▶ [Work required]: The answer is one number: how many lines in the data below hold "Rubber".

▶ [Records supplied]:

● ● ●

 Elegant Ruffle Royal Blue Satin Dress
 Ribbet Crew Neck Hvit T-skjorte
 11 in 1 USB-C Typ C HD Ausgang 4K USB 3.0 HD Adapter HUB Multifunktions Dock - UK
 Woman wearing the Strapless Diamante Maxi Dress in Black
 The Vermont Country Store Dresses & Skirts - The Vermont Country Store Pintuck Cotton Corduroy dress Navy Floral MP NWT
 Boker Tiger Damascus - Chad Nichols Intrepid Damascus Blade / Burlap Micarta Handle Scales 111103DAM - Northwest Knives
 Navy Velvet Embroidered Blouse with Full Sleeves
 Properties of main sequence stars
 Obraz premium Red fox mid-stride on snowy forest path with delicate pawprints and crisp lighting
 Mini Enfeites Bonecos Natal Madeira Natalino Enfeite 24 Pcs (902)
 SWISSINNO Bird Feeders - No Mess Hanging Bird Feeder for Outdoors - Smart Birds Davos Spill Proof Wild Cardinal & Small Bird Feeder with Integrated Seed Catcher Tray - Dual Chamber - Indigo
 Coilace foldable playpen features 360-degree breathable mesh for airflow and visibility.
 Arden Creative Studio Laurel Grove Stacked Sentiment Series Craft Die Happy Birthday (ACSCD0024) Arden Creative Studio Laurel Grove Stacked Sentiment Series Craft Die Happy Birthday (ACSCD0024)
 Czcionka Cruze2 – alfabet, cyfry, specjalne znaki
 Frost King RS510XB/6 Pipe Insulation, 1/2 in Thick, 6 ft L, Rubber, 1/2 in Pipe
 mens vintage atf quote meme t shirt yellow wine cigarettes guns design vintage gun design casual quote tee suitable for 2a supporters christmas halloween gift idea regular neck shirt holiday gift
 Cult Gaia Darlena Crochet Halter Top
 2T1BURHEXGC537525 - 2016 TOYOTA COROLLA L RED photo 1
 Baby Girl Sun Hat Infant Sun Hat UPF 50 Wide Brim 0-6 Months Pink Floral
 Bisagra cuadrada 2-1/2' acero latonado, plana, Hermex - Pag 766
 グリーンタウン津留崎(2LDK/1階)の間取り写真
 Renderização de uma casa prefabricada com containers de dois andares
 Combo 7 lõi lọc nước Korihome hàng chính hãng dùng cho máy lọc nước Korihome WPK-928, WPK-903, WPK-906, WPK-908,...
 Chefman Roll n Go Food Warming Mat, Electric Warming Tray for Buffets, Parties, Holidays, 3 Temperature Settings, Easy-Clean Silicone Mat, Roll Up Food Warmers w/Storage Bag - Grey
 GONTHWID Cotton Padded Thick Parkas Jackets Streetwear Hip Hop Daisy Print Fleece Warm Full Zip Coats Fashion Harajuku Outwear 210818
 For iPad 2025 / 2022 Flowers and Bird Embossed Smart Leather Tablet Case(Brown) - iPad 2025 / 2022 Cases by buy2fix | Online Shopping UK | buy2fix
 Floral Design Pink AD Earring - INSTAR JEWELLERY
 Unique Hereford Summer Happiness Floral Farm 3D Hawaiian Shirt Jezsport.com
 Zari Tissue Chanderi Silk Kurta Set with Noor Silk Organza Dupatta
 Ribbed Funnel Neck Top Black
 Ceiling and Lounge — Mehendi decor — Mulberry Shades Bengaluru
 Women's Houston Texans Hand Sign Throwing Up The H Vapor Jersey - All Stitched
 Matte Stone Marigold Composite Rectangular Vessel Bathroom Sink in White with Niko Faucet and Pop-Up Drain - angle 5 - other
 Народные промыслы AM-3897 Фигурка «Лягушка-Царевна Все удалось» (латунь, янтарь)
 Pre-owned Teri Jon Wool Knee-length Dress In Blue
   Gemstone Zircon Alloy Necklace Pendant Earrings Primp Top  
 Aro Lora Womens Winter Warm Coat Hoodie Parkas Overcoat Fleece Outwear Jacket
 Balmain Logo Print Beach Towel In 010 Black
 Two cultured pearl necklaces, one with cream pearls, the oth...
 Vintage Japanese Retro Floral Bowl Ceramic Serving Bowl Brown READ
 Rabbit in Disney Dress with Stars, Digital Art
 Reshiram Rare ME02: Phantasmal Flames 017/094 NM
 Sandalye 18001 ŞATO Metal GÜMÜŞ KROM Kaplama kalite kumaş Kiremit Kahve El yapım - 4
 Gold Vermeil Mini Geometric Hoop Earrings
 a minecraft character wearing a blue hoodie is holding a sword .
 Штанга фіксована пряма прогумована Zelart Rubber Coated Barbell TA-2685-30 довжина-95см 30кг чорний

● ● ●

▶ [Response below]: 2